__Task to carry out__: Word for word, set down the lines from the one that contains "Fosterville Crescent, Abergavenny 6 bed semi" through the final line of the data; no pictures belong in the copy.

__Given material__:
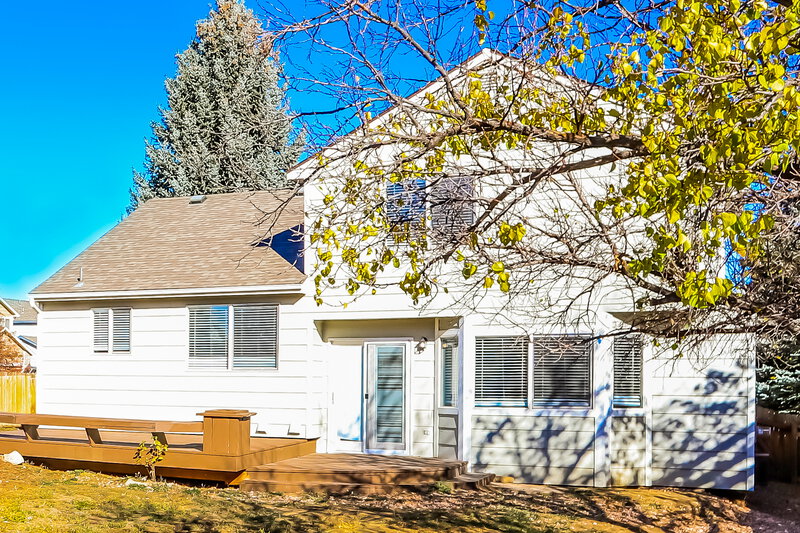 0/Mo, 19708 E Radcliff Pl Centennial, CO 80015 Rear View 2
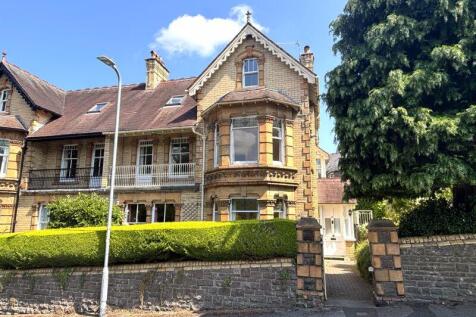 Fosterville Crescent, Abergavenny 6 bed semi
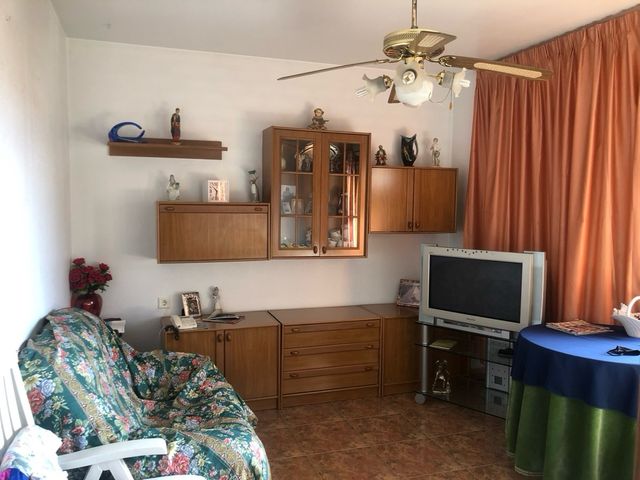 Piso en Calle Granada, 3 dormitorios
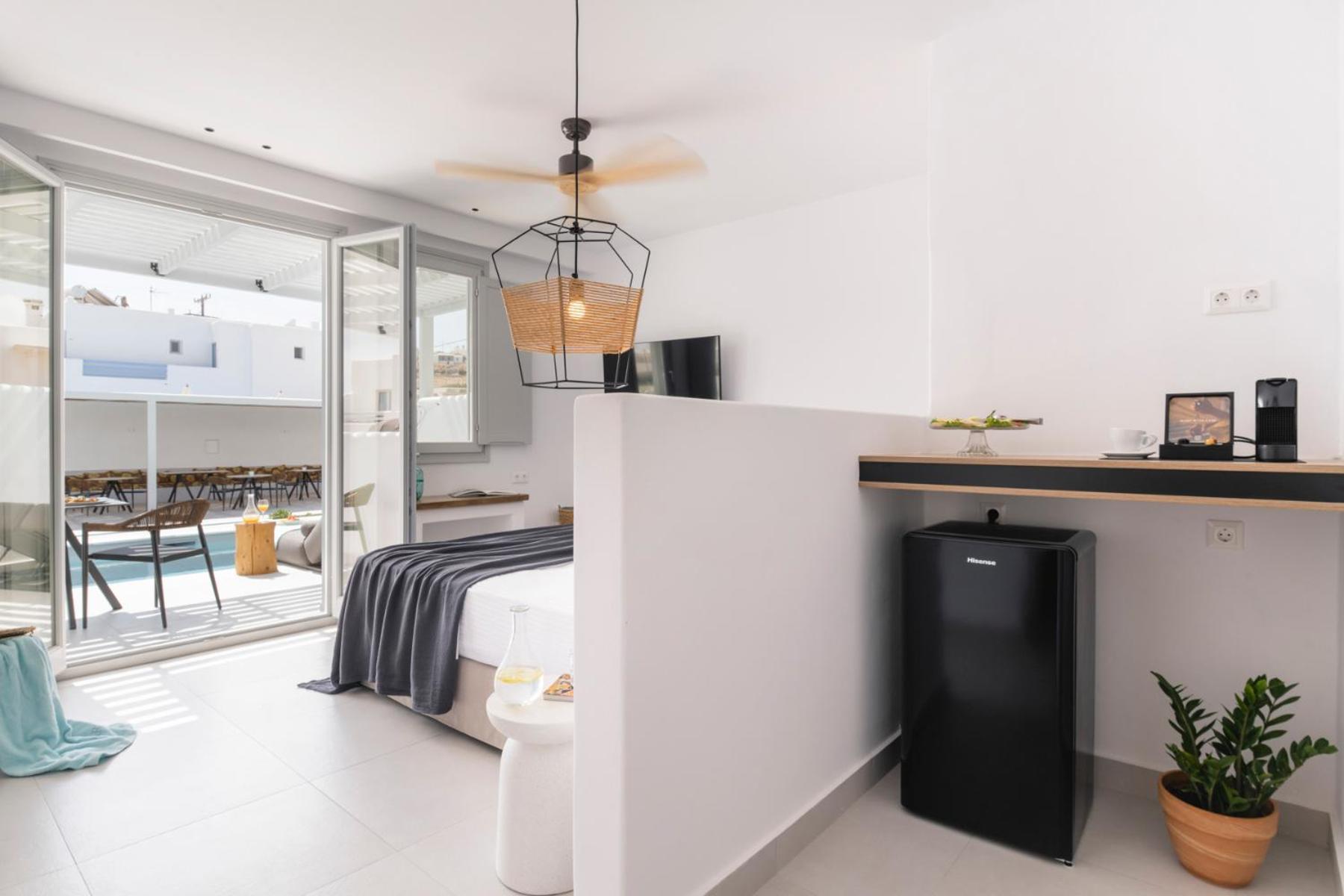 Quartano Suites By Heliessa, Adults Only Náousa Buitenkant foto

__Answer to this task__:
 Fosterville Crescent, Abergavenny 6 bed semi
 Piso en Calle Granada, 3 dormitorios
 Quartano Suites By Heliessa, Adults Only Náousa Buitenkant foto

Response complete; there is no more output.